## [Problem]
Below are records to repeat exactly; copy them without the pictures.

(Collected data entries)
##############################

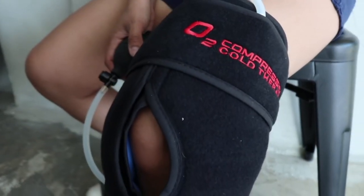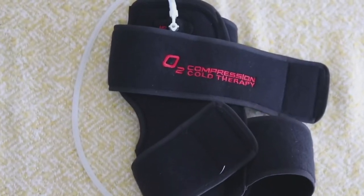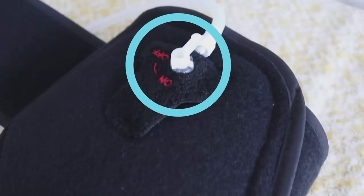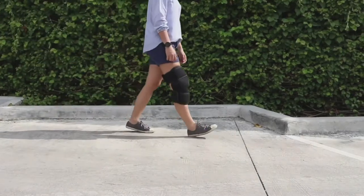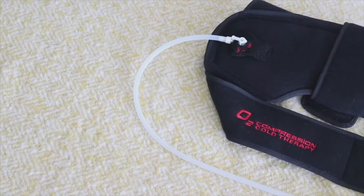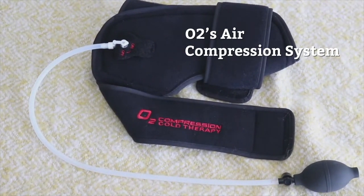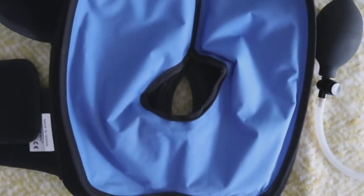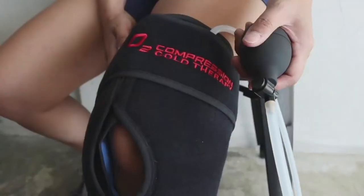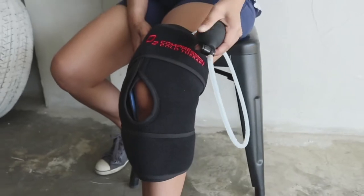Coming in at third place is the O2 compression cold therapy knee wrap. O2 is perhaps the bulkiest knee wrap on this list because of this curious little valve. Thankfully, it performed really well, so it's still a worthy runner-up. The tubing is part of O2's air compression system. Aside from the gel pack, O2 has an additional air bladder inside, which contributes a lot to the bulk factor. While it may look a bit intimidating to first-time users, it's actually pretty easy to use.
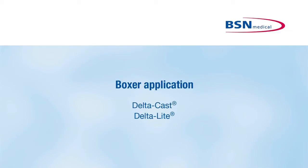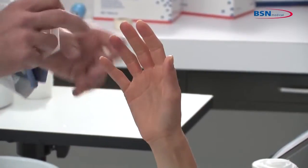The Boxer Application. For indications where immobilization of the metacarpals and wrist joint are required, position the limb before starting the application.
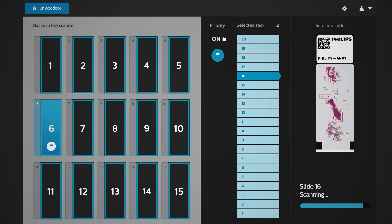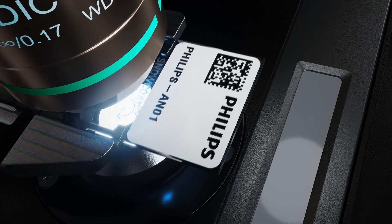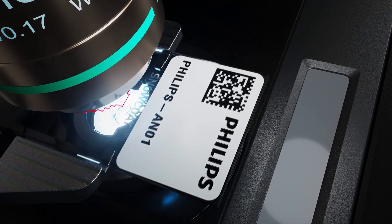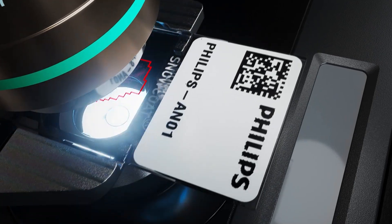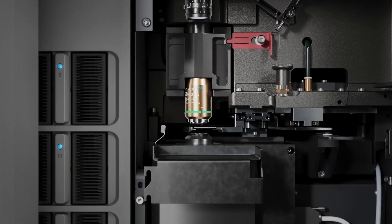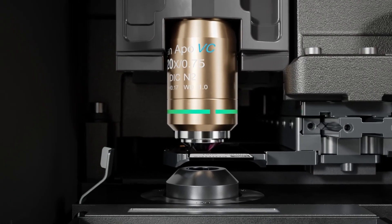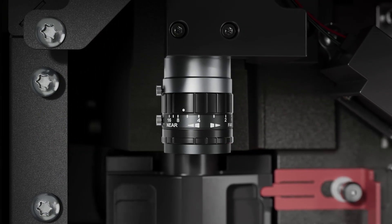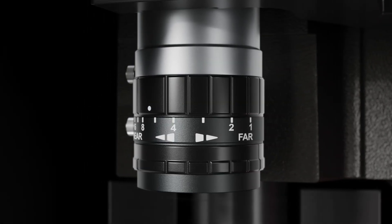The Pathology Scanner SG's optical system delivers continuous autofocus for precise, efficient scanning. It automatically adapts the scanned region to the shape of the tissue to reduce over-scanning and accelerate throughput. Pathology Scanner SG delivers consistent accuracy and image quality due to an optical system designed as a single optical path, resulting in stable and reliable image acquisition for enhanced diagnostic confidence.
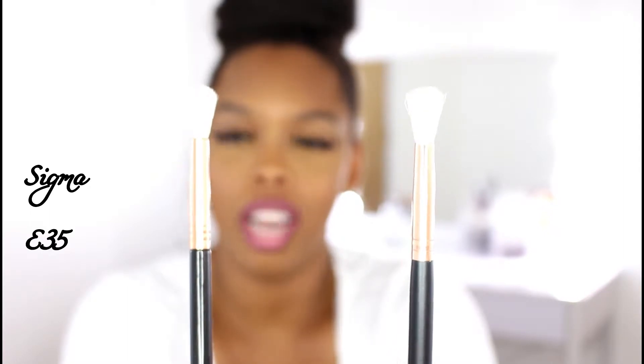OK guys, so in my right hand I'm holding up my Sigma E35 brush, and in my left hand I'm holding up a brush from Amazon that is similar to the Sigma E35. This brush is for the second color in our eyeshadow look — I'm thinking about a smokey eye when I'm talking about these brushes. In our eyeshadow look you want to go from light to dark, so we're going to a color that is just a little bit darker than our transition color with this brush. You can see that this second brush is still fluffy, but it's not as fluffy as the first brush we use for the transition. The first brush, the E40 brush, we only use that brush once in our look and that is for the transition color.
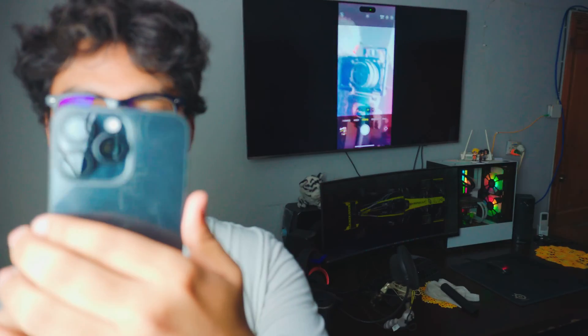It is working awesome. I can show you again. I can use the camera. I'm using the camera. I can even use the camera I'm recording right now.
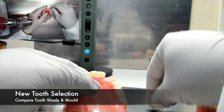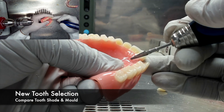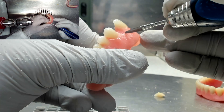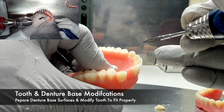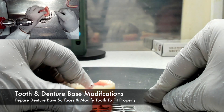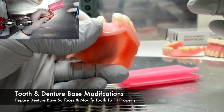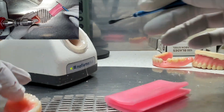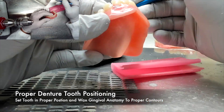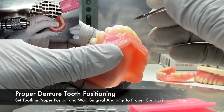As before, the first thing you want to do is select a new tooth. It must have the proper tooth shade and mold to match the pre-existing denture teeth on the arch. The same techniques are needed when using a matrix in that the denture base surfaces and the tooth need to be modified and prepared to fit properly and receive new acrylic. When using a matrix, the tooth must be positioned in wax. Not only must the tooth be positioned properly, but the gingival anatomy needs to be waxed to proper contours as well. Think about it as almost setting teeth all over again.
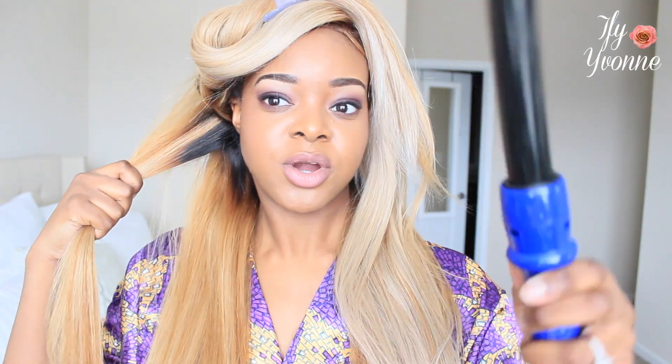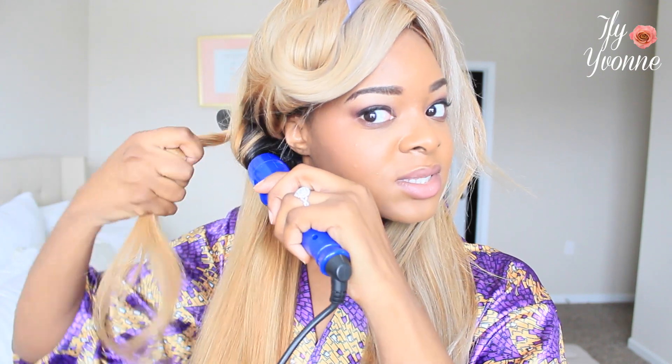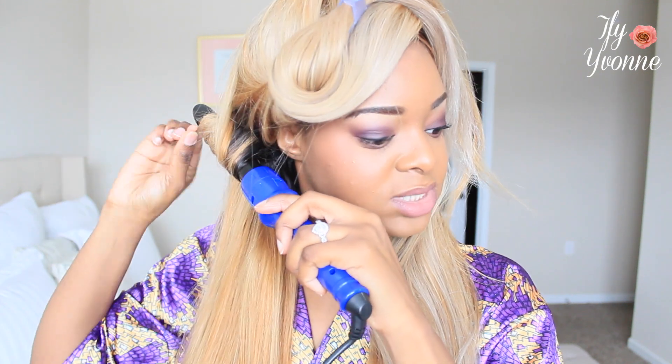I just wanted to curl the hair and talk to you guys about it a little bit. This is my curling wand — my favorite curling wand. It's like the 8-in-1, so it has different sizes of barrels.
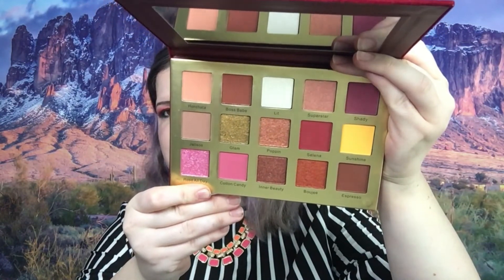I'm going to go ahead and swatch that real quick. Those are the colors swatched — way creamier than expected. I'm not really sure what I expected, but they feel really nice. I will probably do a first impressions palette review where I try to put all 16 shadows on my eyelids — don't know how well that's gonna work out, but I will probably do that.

##############################

## [Written solution]
Coming in at third place is the O2 compression cold therapy knee wrap. O2 is perhaps the bulkiest knee wrap on this list because of this curious little valve. Thankfully, it performed really well, so it's still a worthy runner-up. The tubing is part of O2's air compression system. Aside from the gel pack, O2 has an additional air bladder inside, which contributes a lot to the bulk factor. While it may look a bit intimidating to first-time users, it's actually pretty easy to use.
The Boxer Application. For indications where immobilization of the metacarpals and wrist joint are required, position the limb before starting the application.
The Pathology Scanner SG's optical system delivers continuous autofocus for precise, efficient scanning. It automatically adapts the scanned region to the shape of the tissue to reduce over-scanning and accelerate throughput. Pathology Scanner SG delivers consistent accuracy and image quality due to an optical system designed as a single optical path, resulting in stable and reliable image acquisition for enhanced diagnostic confidence.
OK guys, so in my right hand I'm holding up my Sigma E35 brush, and in my left hand I'm holding up a brush from Amazon that is similar to the Sigma E35. This brush is for the second color in our eyeshadow look — I'm thinking about a smokey eye when I'm talking about these brushes. In our eyeshadow look you want to go from light to dark, so we're going to a color that is just a little bit darker than our transition color with this brush. You can see that this second brush is still fluffy, but it's not as fluffy as the first brush we use for the transition. The first brush, the E40 brush, we only use that brush once in our look and that is for the transition color.
It is working awesome. I can show you again. I can use the camera. I'm using the camera. I can even use the camera I'm recording right now.
As before, the first thing you want to do is select a new tooth. It must have the proper tooth shade and mold to match the pre-existing denture teeth on the arch. The same techniques are needed when using a matrix in that the denture base surfaces and the tooth need to be modified and prepared to fit properly and receive new acrylic. When using a matrix, the tooth must be positioned in wax. Not only must the tooth be positioned properly, but the gingival anatomy needs to be waxed to proper contours as well. Think about it as almost setting teeth all over again.
I just wanted to curl the hair and talk to you guys about it a little bit. This is my curling wand — my favorite curling wand. It's like the 8-in-1, so it has different sizes of barrels.
I'm going to go ahead and swatch that real quick. Those are the colors swatched — way creamier than expected. I'm not really sure what I expected, but they feel really nice. I will probably do a first impressions palette review where I try to put all 16 shadows on my eyelids — don't know how well that's gonna work out, but I will probably do that.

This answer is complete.